For more details, please refer to https://www.nvidia.com/en-us/data-center/a100/
NVIDIA Inference Software Stack for GPUs
At its core, NVIDIA TensorRTTM is a C++ library designed to optimize deep learning inference performance on systems which contains NVIDIA GPUs, and supports models that are trained in most of the major deep learning frameworks including, but not limited to, TensorFlow, Caffe, PyTorch, MXNet. After the neural network is trained, TensorRT enables the network to be compressed, optimized and deployed as a runtime without the overhead of a framework. It supports FP32, FP16 and INT8 precisions. To optimize the model, TensorRT builds an inference engine out of the trained model by analyzing the layers of the model and eliminating layers whose output is not used, or combining operations to perform faster calculations. The result of all these optimizations is improved latency, throughput and efficiency. TensorRT is available on NVIDIA NGC.

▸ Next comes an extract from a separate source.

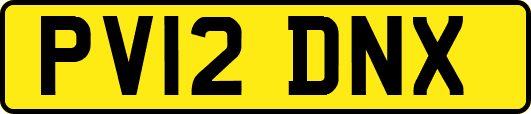 PV12DNX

MLPerf v0.7 Performance Results and Key Takeaways
Figures 1 and 2 below show the inference capabilities of the PowerEdge R7515 and PowerEdge R7525 configured with different NVIDIA GPUs. Each bar graph indicates the relative performance of inference operations completed meeting certain latency constraints. Therefore, the higher the bar graph is, the higher the inference capability of the platform. Details on the different scenarios used in MLPerf inference tests (server and offline) are available at the MLPerf website. Offline scenario represents use cases where inference is done as a batch job (using AI for photo sorting), while server scenario represents an interactive inference operation (translation app). The relative performance of the different servers are plotted below to show the inference capabilities and flexibility that can be achieved using these platforms:
Offline Performance
Figure 1 – Offline scenario relative performance for five different benchmarks and four different server configs, using the R7515 (4 xT4) as a baseline
Server Performance
Figure 2 – Server scenario relative performance for five different benchmarks and four different server configs, using the R7515 (4 xT4) as a baseline
The R7515 and R7525 offers configuration flexibility to address inference performance and datacenter requirements around power and costs. Inference applications can be deployed on AMD single socket system without compromising accelerator support, storage and I/O capacities or on double socket systems with configurations that support higher capabilities. Both platforms support PCIe Gen4 links for latest GPU offerings like the A100 and also upcoming Radeon Instinct MI100 GPUs from AMD that are PCIe Gen 4 capable.
The Dell PowerEdge platforms offer a variety of PCIe riser options that enable support for multiple low- profile (up to 8 T4) or up to 3 full height double wide GPU accelerators (RTX or A100). Customers can choose the GPU model and number of GPUs based on the workload requirements and to fit their datacenter power and density needs. Figure 3 shows a relative compare of the GPUs used in the MLPerf study from a performance, power, price and memory point of view. The specs for the different GPUs supported on Dell platforms and server recommendations are covered in previous DfDs (link to the 2 papers)
Figure 3 – Relative comparisons between the A100, RTX800 and T4 GPUs for various metrics
Conclusion
As demonstrated by MLPerf performance, Inference workloads executed on Dell EMC PowerEdge R7515 and Dell EMC PowerEdge R7525 performed well in a wide range of benchmark scenarios. . These results can server a guide to help identify the configuration that matches your inference requirements.